The C7/A7's run the same (slightly different base chip for 2.4Ghz, same? chip for 5Ghz) Wave 1 not Wave 2 chipsets, and I am running a TP-Link T4U USB dongle (2x2 not 3x3?) in the main PC, so on both ends there may be reasons preventing great speed. I've never seen much above 280Mbts under best conditions, despite occasionally seeing 877mbit on both sides for the link rate.

At the moment, I'm getting as much as 3-5ms latency, occasional lower, but still a lot lower than the +17 or more usual on the download. Last night was probably pretty low load on 'ol Ch 36.

Just did some testing with the fam TV playing a You Tube video.. maybe nearly as low, except for a few very delayed samples in the 125 and 250ms range.

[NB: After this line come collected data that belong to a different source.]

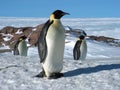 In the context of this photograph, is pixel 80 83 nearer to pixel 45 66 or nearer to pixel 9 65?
pixel 45 66

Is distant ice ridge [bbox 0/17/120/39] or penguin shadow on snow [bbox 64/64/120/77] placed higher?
penguin shadow on snow [bbox 64/64/120/77]

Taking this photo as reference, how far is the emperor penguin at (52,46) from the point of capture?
19.2ft

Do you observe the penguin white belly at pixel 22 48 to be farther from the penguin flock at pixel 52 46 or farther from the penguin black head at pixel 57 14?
the penguin black head at pixel 57 14

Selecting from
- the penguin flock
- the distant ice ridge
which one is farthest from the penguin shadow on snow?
the distant ice ridge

For reference, the two 0 value samples are graph artifacts of the blank lines and or comments between the unloaded, download and upload. I left them in this graph, they provide markers showing where the different test stages are. So, its only in the download test where I'm getting the long delay events.

Second edit:
I enabled the "Multi to Unicast" selection that appeared in very recent 22.03.x (just .03?). Haven't A/B tested it to see if its an influence on the long delays. Short term testing seems to indicate less length in latency of those long samples, less of them, and now scattered between upload and download rather than upload only.


Which current versions of openwrt for the Archer c2600 have AQL enabled for the wifi drivers? I've tried v23 latest default build and /sys/kernel/debug/ieee80211/phy0 and phy1 directories don't have any aql sysfiles. Is it the snapshots that have it enabled?